### DATASET RECORDS

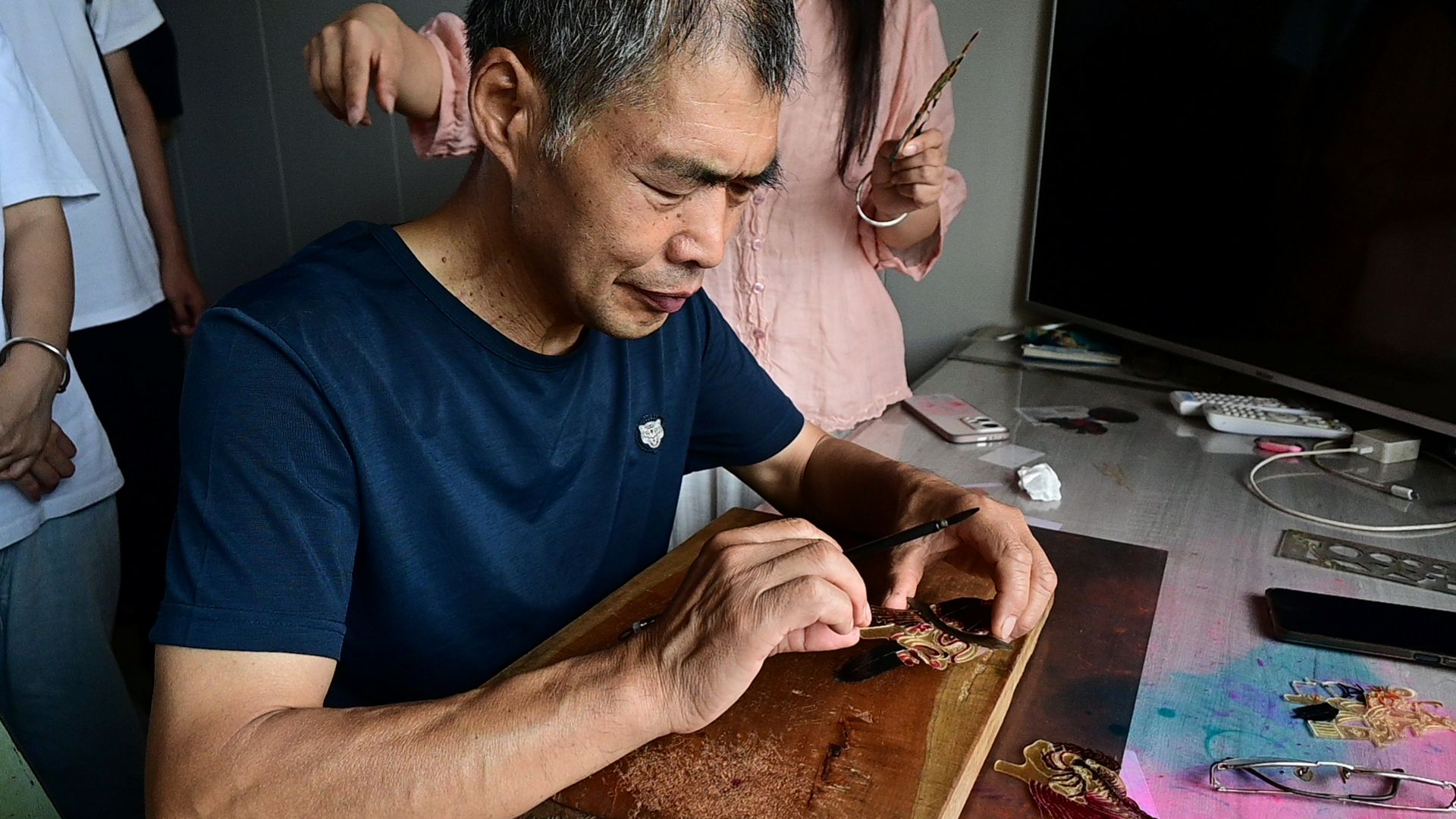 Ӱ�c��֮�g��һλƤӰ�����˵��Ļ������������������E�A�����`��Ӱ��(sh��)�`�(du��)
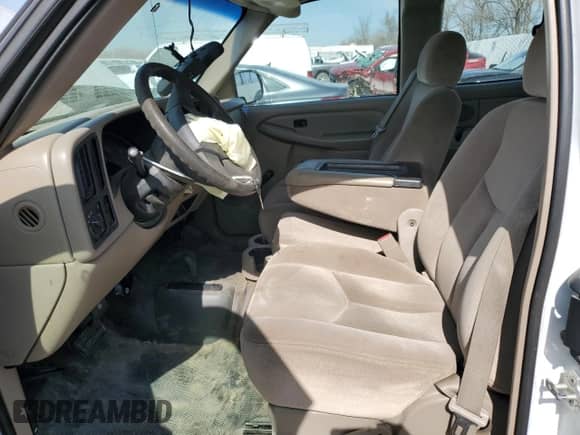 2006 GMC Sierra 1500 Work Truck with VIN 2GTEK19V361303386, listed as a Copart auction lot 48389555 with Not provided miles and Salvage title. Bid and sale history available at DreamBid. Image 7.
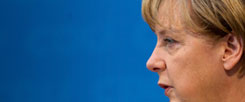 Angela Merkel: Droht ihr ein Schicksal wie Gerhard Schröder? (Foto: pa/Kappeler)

######
### DATASET RECORDS

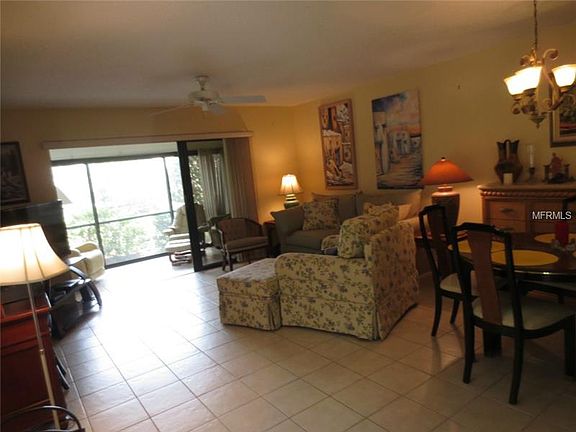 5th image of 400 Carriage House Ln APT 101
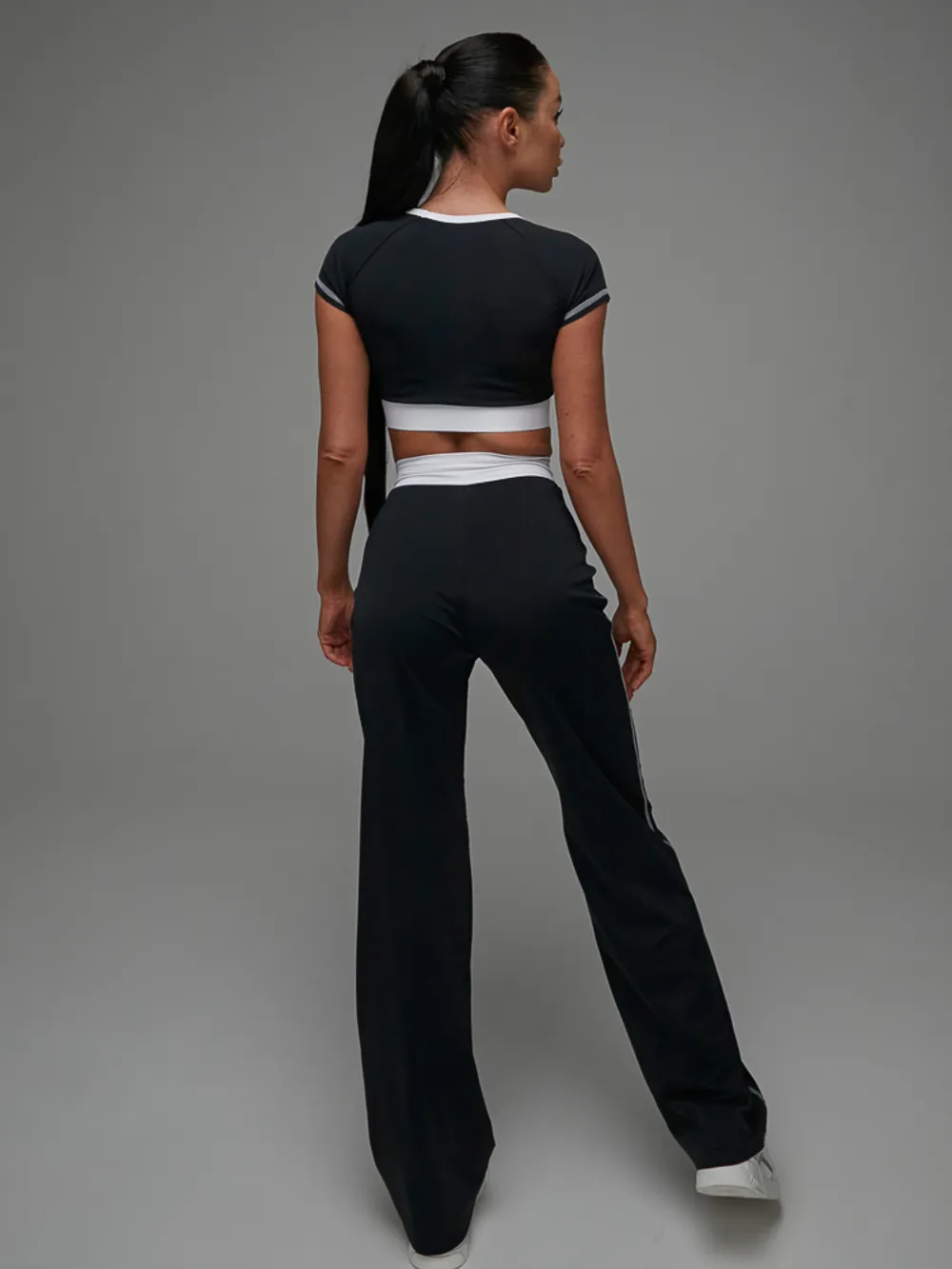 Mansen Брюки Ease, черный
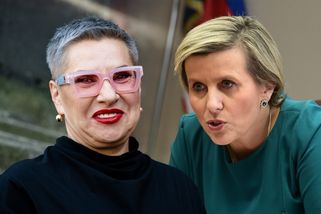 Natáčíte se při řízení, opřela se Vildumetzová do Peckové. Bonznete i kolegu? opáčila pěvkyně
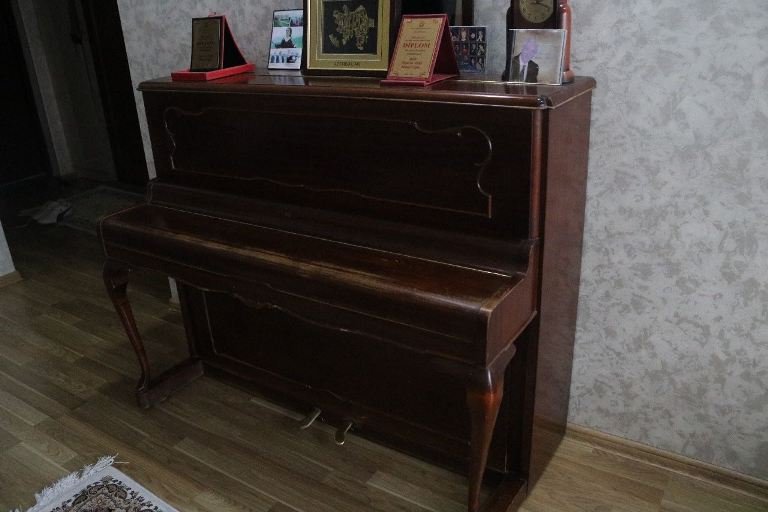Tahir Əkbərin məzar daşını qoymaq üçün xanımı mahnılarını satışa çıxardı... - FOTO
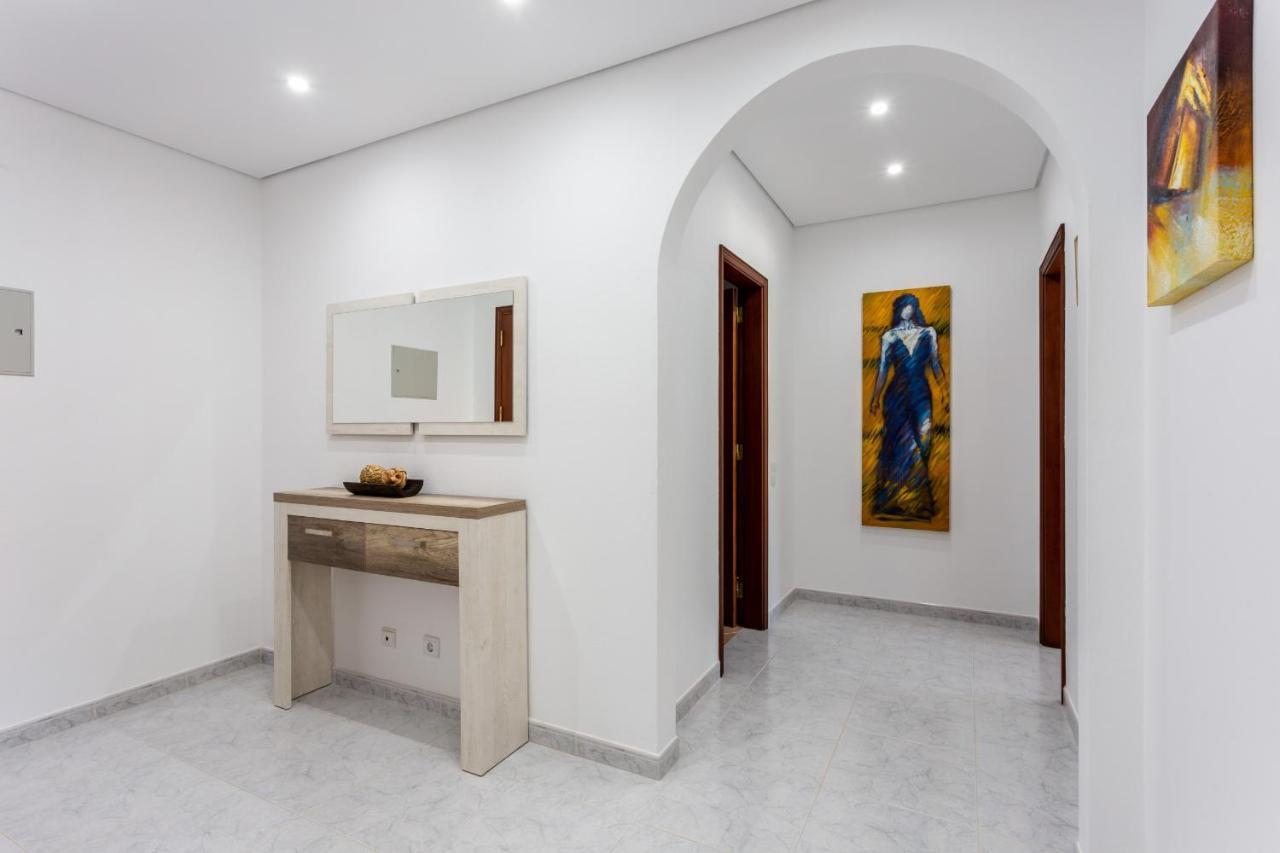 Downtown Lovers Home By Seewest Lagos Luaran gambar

######

**YOUR OBJECTIVE**
Above are some entries. Restate word for word the lines from the one holding "Ӱ�c��֮�g��һλƤӰ" through the one holding "Angela Merkel: Droht", but not the pictures.

**RESULT OF THIS EXERCISE**
 Ӱ�c��֮�g��һλƤӰ�����˵��Ļ������������������E�A�����`��Ӱ��(sh��)�`�(du��)
 2006 GMC Sierra 1500 Work Truck with VIN 2GTEK19V361303386, listed as a Copart auction lot 48389555 with Not provided miles and Salvage title. Bid and sale history available at DreamBid. Image 7.
 Angela Merkel: Droht ihr ein Schicksal wie Gerhard Schröder? (Foto: pa/Kappeler)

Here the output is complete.